Source material
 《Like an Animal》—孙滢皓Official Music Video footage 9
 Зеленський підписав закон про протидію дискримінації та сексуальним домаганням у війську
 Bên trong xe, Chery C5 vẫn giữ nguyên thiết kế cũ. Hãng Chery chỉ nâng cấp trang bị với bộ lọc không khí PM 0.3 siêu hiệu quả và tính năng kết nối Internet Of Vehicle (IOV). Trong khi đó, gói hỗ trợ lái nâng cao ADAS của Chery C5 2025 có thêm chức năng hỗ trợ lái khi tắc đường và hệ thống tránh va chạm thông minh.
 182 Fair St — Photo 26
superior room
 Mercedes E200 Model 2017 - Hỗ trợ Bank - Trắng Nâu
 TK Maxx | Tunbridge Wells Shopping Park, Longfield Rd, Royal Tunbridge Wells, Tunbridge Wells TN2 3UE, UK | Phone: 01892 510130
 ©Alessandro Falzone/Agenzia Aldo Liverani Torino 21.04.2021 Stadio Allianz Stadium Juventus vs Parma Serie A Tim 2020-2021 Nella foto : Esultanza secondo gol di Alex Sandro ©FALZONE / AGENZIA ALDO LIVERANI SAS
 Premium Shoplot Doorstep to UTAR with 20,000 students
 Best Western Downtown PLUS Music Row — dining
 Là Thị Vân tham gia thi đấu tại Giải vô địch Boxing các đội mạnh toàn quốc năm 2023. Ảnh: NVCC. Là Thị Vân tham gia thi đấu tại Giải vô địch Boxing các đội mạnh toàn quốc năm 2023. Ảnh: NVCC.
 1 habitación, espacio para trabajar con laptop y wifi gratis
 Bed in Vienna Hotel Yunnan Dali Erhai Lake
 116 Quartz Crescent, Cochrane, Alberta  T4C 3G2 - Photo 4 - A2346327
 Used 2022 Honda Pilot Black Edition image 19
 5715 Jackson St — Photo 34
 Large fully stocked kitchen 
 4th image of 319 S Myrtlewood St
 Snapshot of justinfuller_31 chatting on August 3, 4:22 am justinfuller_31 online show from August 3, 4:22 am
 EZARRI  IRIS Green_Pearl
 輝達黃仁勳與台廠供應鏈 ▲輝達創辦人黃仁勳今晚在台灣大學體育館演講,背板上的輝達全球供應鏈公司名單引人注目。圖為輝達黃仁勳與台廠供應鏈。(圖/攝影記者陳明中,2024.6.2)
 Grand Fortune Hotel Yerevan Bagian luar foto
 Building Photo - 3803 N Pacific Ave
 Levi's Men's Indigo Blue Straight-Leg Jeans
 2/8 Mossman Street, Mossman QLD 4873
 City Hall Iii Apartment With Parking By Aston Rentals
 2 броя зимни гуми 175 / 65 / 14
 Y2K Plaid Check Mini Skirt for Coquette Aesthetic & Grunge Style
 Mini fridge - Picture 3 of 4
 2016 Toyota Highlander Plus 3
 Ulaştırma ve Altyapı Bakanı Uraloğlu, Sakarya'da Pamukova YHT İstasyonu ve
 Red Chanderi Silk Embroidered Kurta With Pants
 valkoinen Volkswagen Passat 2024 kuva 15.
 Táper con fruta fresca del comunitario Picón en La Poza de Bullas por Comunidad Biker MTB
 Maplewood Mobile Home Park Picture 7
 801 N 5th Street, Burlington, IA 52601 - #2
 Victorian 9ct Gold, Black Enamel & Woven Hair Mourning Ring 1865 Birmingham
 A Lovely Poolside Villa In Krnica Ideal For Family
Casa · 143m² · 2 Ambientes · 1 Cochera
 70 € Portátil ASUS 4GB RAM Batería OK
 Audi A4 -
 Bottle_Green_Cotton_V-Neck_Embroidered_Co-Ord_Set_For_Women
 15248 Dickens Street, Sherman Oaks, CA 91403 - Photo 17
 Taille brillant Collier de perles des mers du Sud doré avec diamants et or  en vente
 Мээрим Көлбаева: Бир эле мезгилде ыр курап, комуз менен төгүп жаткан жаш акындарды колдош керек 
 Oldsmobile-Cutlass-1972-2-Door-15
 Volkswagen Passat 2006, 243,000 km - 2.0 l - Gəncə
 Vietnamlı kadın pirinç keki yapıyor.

Exercise
Where the material contains a line with "Volkswagen", return that line.

The answer
 valkoinen Volkswagen Passat 2024 kuva 15.
 Volkswagen Passat 2006, 243,000 km - 2.0 l - Gəncə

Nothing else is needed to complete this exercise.